● **Action item**
Could you output the entire listing without altering anything?

● **Exercise inputs**
═══
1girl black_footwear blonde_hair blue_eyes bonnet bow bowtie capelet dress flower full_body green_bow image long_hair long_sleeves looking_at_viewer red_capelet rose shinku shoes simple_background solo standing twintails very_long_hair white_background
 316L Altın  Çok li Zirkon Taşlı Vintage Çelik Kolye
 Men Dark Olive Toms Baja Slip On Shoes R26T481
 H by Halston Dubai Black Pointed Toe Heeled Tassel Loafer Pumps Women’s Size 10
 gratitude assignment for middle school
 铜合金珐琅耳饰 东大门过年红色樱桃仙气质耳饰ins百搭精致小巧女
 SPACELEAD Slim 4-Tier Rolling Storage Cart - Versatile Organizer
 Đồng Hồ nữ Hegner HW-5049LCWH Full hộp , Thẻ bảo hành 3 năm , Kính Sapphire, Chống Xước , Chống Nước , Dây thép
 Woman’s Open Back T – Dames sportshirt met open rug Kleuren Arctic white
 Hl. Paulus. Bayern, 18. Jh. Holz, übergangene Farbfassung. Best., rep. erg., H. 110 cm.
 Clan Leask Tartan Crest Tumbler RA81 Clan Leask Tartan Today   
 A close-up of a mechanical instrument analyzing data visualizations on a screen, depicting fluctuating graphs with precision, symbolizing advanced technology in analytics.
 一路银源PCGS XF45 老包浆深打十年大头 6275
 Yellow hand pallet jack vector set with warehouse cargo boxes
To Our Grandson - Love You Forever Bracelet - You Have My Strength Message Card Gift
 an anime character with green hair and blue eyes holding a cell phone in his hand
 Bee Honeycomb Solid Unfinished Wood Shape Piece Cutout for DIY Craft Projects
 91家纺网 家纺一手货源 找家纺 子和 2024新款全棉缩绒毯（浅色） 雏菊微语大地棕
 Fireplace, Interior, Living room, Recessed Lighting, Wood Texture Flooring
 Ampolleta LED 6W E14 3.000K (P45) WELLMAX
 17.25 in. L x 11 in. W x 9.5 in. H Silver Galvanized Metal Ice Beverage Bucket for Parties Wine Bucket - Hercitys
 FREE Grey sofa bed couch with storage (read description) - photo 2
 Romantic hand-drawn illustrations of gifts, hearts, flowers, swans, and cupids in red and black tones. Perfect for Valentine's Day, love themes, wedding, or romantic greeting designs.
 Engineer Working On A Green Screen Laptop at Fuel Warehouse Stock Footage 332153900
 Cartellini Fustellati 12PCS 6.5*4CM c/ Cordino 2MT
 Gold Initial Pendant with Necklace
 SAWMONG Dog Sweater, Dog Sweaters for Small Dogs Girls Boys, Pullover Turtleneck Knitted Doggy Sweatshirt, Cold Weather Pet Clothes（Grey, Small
═══
● **Worked solution**
1girl black_footwear blonde_hair blue_eyes bonnet bow bowtie capelet dress flower full_body green_bow image long_hair long_sleeves looking_at_viewer red_capelet rose shinku shoes simple_background solo standing twintails very_long_hair white_background
 316L Altın  Çok li Zirkon Taşlı Vintage Çelik Kolye
 Men Dark Olive Toms Baja Slip On Shoes R26T481
 H by Halston Dubai Black Pointed Toe Heeled Tassel Loafer Pumps Women’s Size 10
 gratitude assignment for middle school
 铜合金珐琅耳饰 东大门过年红色樱桃仙气质耳饰ins百搭精致小巧女
 SPACELEAD Slim 4-Tier Rolling Storage Cart - Versatile Organizer
 Đồng Hồ nữ Hegner HW-5049LCWH Full hộp , Thẻ bảo hành 3 năm , Kính Sapphire, Chống Xước , Chống Nước , Dây thép
 Woman’s Open Back T – Dames sportshirt met open rug Kleuren Arctic white
 Hl. Paulus. Bayern, 18. Jh. Holz, übergangene Farbfassung. Best., rep. erg., H. 110 cm.
 Clan Leask Tartan Crest Tumbler RA81 Clan Leask Tartan Today   
 A close-up of a mechanical instrument analyzing data visualizations on a screen, depicting fluctuating graphs with precision, symbolizing advanced technology in analytics.
 一路银源PCGS XF45 老包浆深打十年大头 6275
 Yellow hand pallet jack vector set with warehouse cargo boxes
To Our Grandson - Love You Forever Bracelet - You Have My Strength Message Card Gift
 an anime character with green hair and blue eyes holding a cell phone in his hand
 Bee Honeycomb Solid Unfinished Wood Shape Piece Cutout for DIY Craft Projects
 91家纺网 家纺一手货源 找家纺 子和 2024新款全棉缩绒毯（浅色） 雏菊微语大地棕
 Fireplace, Interior, Living room, Recessed Lighting, Wood Texture Flooring
 Ampolleta LED 6W E14 3.000K (P45) WELLMAX
 17.25 in. L x 11 in. W x 9.5 in. H Silver Galvanized Metal Ice Beverage Bucket for Parties Wine Bucket - Hercitys
 FREE Grey sofa bed couch with storage (read description) - photo 2
 Romantic hand-drawn illustrations of gifts, hearts, flowers, swans, and cupids in red and black tones. Perfect for Valentine's Day, love themes, wedding, or romantic greeting designs.
 Engineer Working On A Green Screen Laptop at Fuel Warehouse Stock Footage 332153900
 Cartellini Fustellati 12PCS 6.5*4CM c/ Cordino 2MT
 Gold Initial Pendant with Necklace
 SAWMONG Dog Sweater, Dog Sweaters for Small Dogs Girls Boys, Pullover Turtleneck Knitted Doggy Sweatshirt, Cold Weather Pet Clothes（Grey, Small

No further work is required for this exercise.